El cineasta y documentalista bielorruso Sergei Loznitsa, quien fue homenajeado por el FICUNAM hace un par de años, documentó las protestas en Ucrania en la relevante Maidan (2014), en un esfuerzo consciente por dejar constancia del papel fundamental de la protesta civil ante el remodelado autoritarismo político. En Austerlitz (2016), su más reciente documental, Loznitsa presenta una distorsión del holocausto que resulta casi perversa: su transformación en una atracción turística.
Mostrando legiones de gente que se pasean y fotografían como si estuviesen en Disneylandia o Ixtapan de la Sal, Loznitsa registra, en prístino blanco y negro, los grupos de turistas que indiferentes –y hasta aburridos– se pasean por los campos de concentración y cámaras de exterminio de Austerlitz, dirigidos por guías turísticos que dan detalle de lo ocurrido en cada lugar.

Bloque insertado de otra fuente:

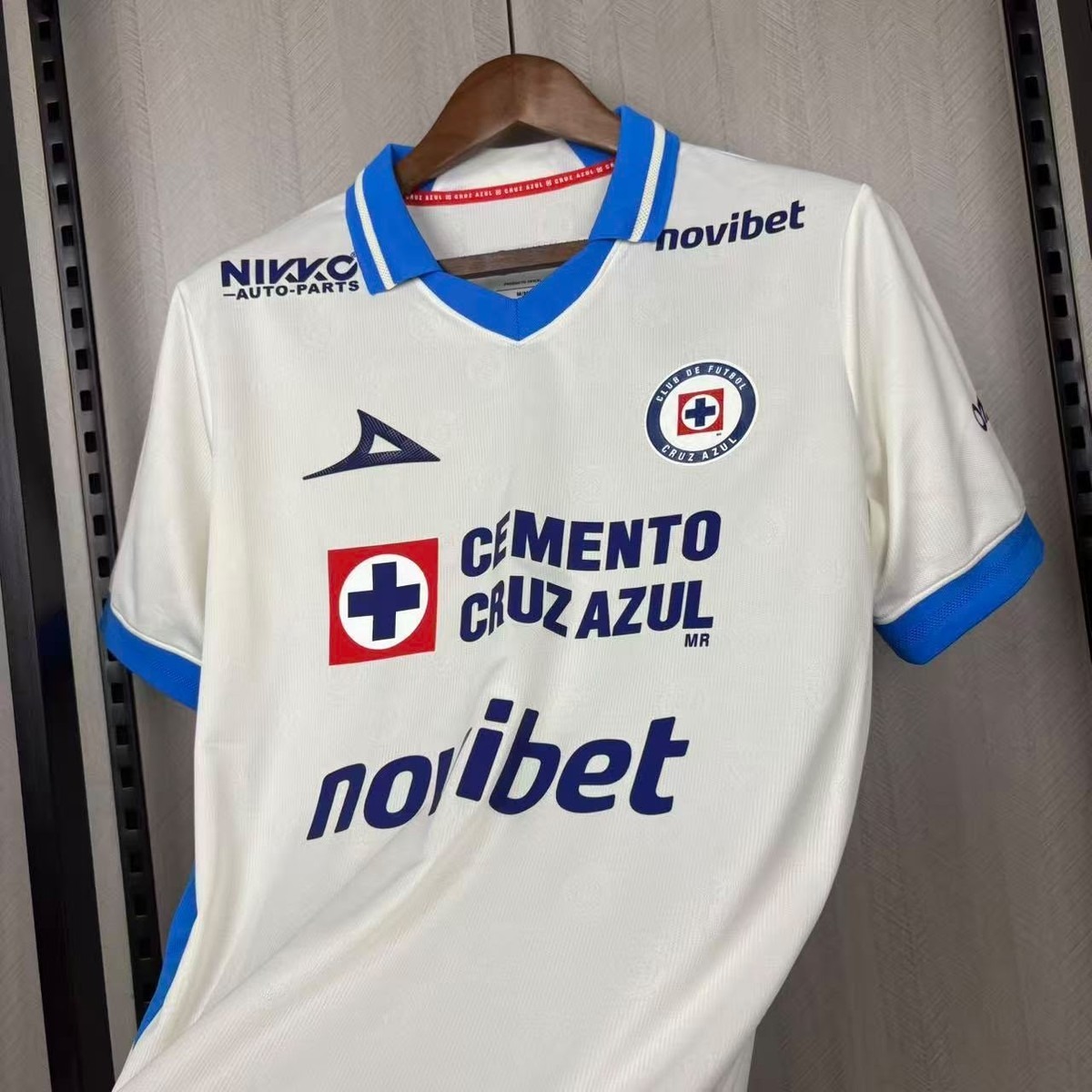2026/27 Cruz Azul Away Jersey Fan Version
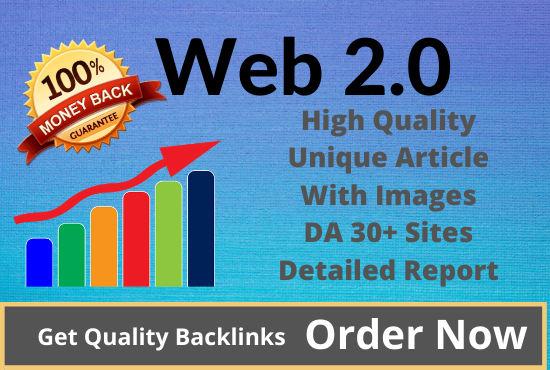 I will create manually 15 Web 2.0 high Authority Back...
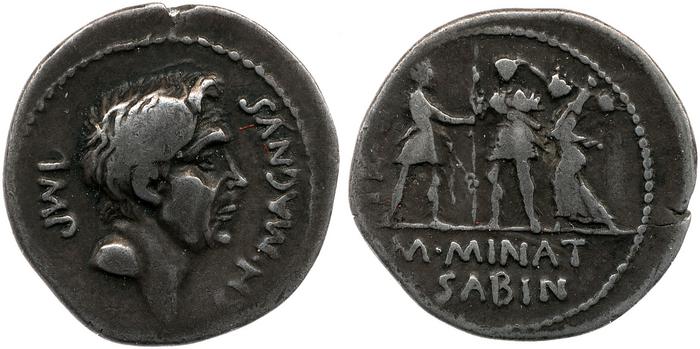 RRC 470/1c, реверс, bm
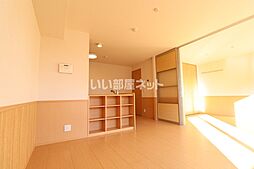 ルミエール国府 103 1階2LDKのリビング/ダイニング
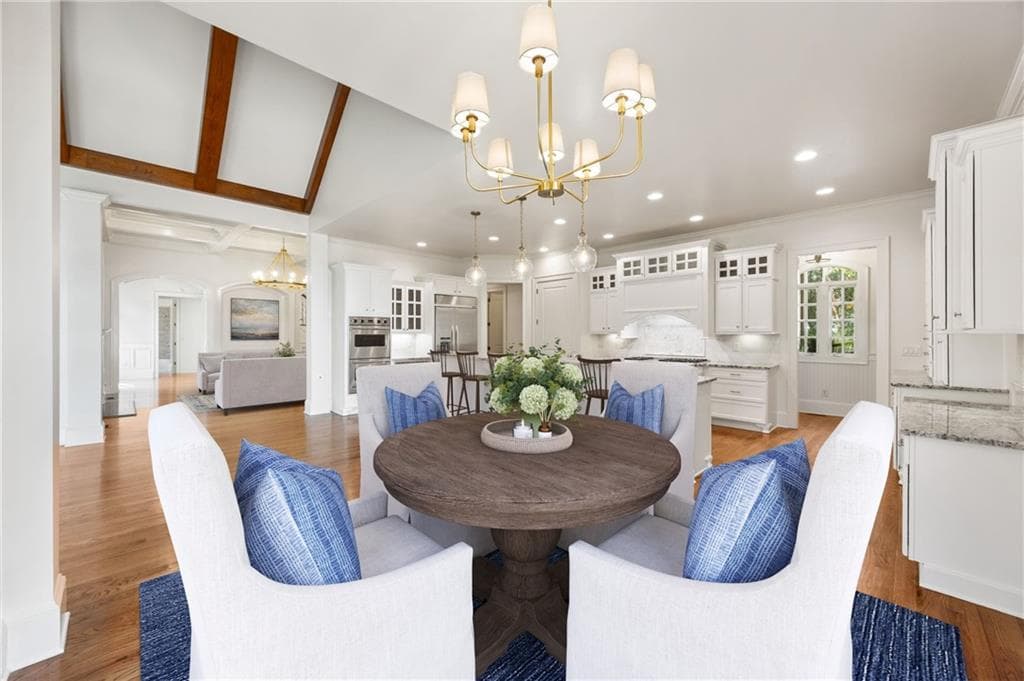 6 bedroom, 7 bathroom, 6,973 sq ft single family residence under contract at 2551 Raintree Drive, Atlanta, GA 30345 — photo 10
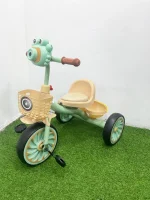 Kids Tricycle – Ages 1–4 Years  A fun, safe and sturdy kids’ tricycle designed for children aged 1–4 years. Perfect for developing balance, coordination and confidence while giving your little one an exciting way to explore and stay active.  👶 Suitable for ages 1–4 years 🚲 Stable 3-wheel design 💪 Strong and durable construction 🛞 Smooth-rolling wheels 🎯 Helps develop balance and coordination 🏠 Suitable for indoor and outdoor use - Image 4
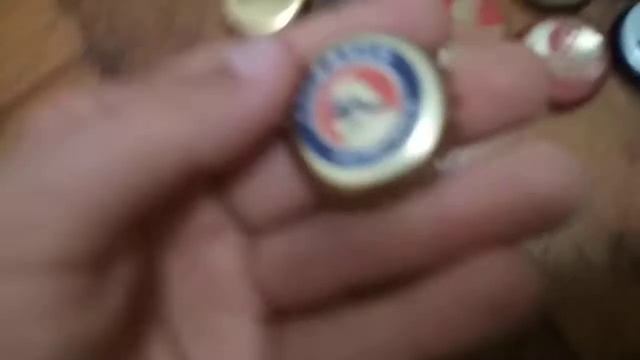 МОЯ КОЛЛЕКЦИЯ ПИВНЫХ КРЫШЕК(3) смотреть онлайн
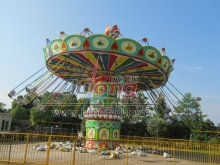游乐场大型游乐设备摇头飞椅生产厂家许昌巨龙游乐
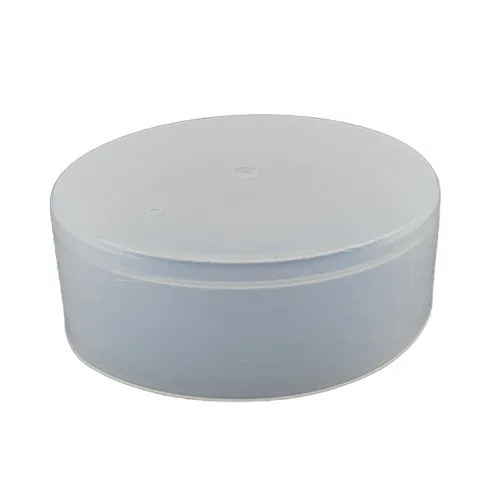 114.3mm x 40.3mm Pipe End Cap (Natural) | LDPE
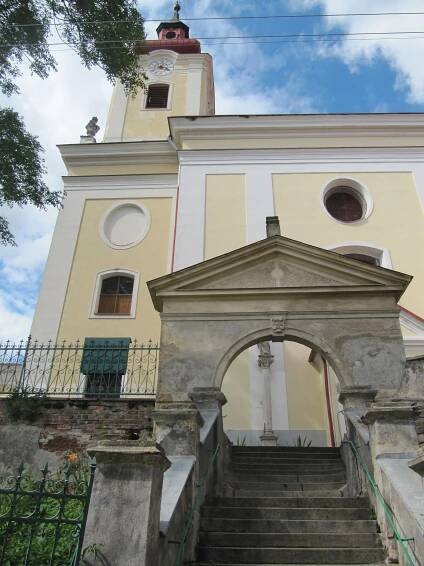 Kostel svatého Michaela archanděla (Dyjákovice)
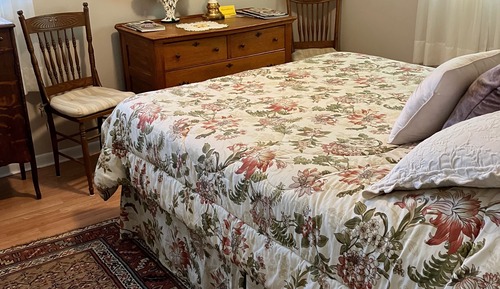 Habitación Deluxe, 1 cama de matrimonio, vistas al jardín (Creek Room)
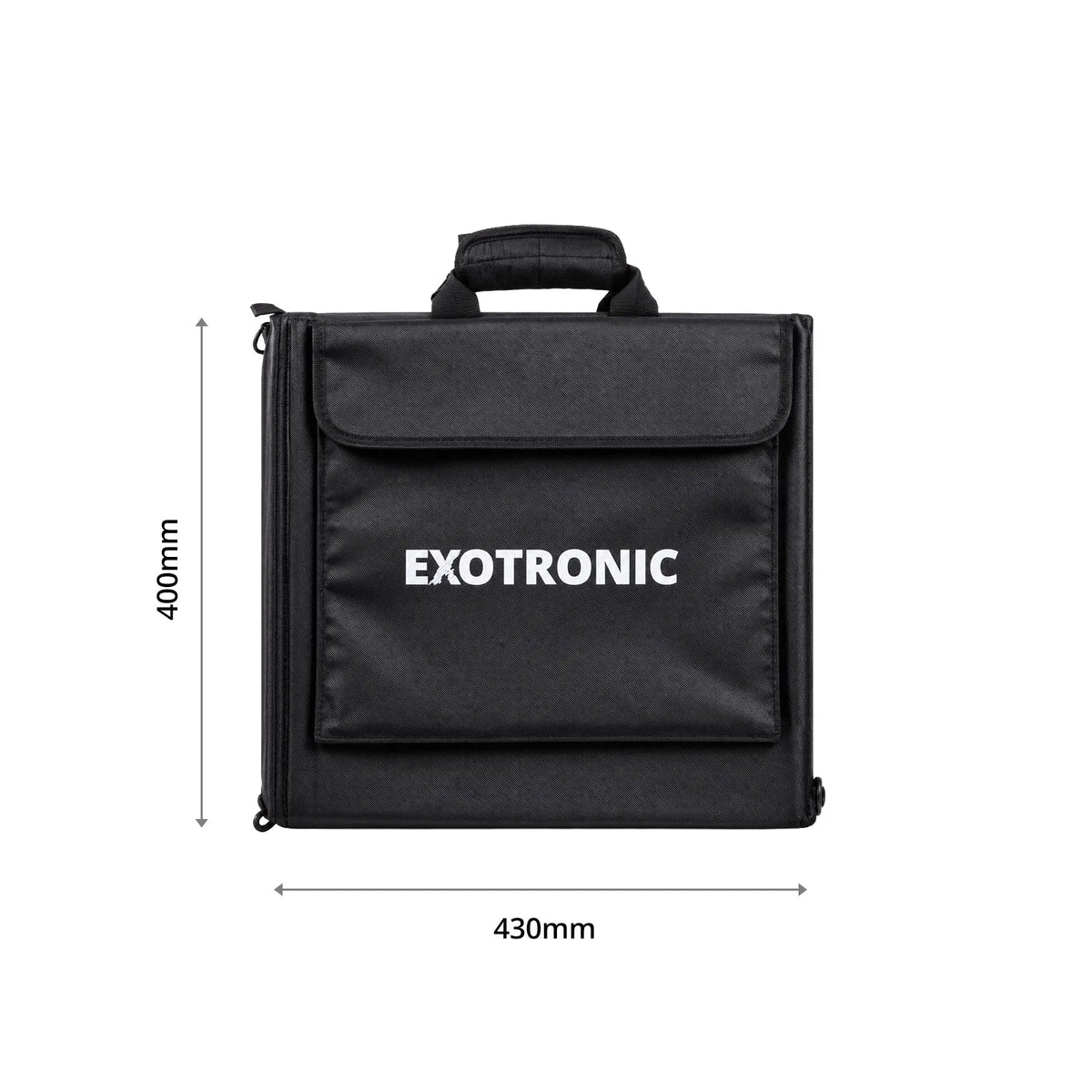 Exotronic - 300W - Fusion Folding Solar Blanket - No Controller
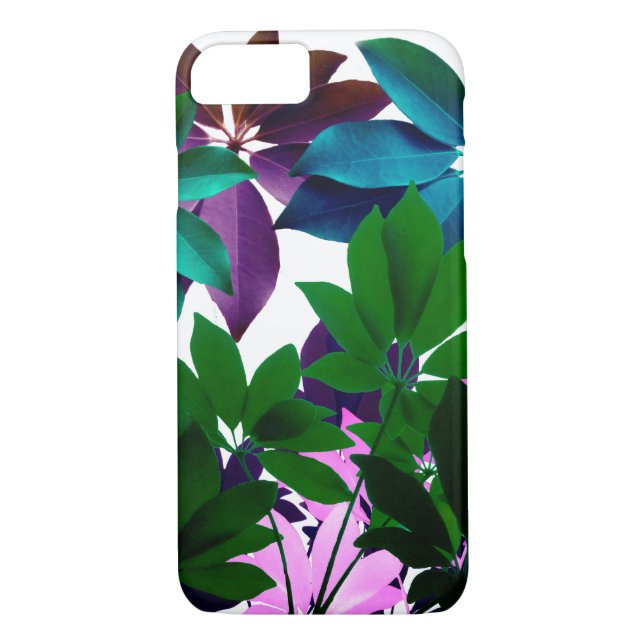 Greenery, Leaves   Phone Case, Apple iPhone 8/7 Case-Mate iPhone Case (Back)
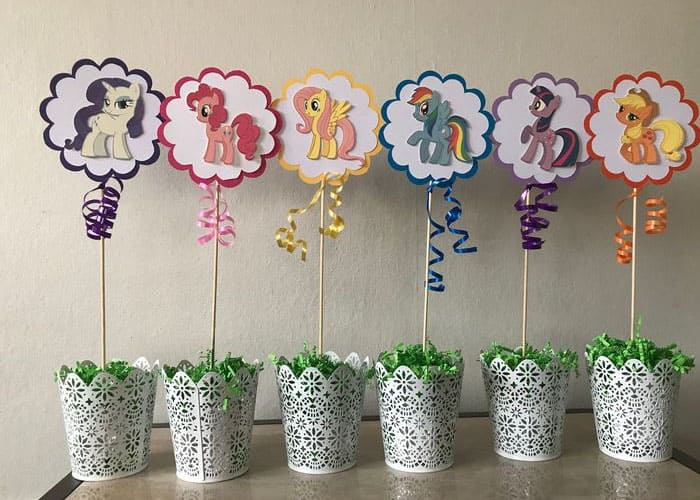 Decorating Flower Vases or Pen Holders with Fluttershy images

Evocando la banalización del mal que en su momento planteo Hannah Arendt, Loznitsa nos confronta con la negligencia de la memoria. Ésa que transforma una dolorosa cicatriz en una trivialidad que, más que generar una conciencia real de lo que implicó el Holocausto, parece tener la intención de que estos lugares estén abiertos al divertimiento público.
La disociación del pasado es peligrosa porque implica obviar el proceso cíclico de la historia y, además de repetir terribles errores, crea una insensibilidad tan grande que es capaz de transformar la tragedia en un mero pasatiempo o, como es recurrente hoy en día, negar que pasó. Loznitsa nos doblega con elegancia y austeridad, haciéndonos pasivos espectadores de nuestro propio holocausto.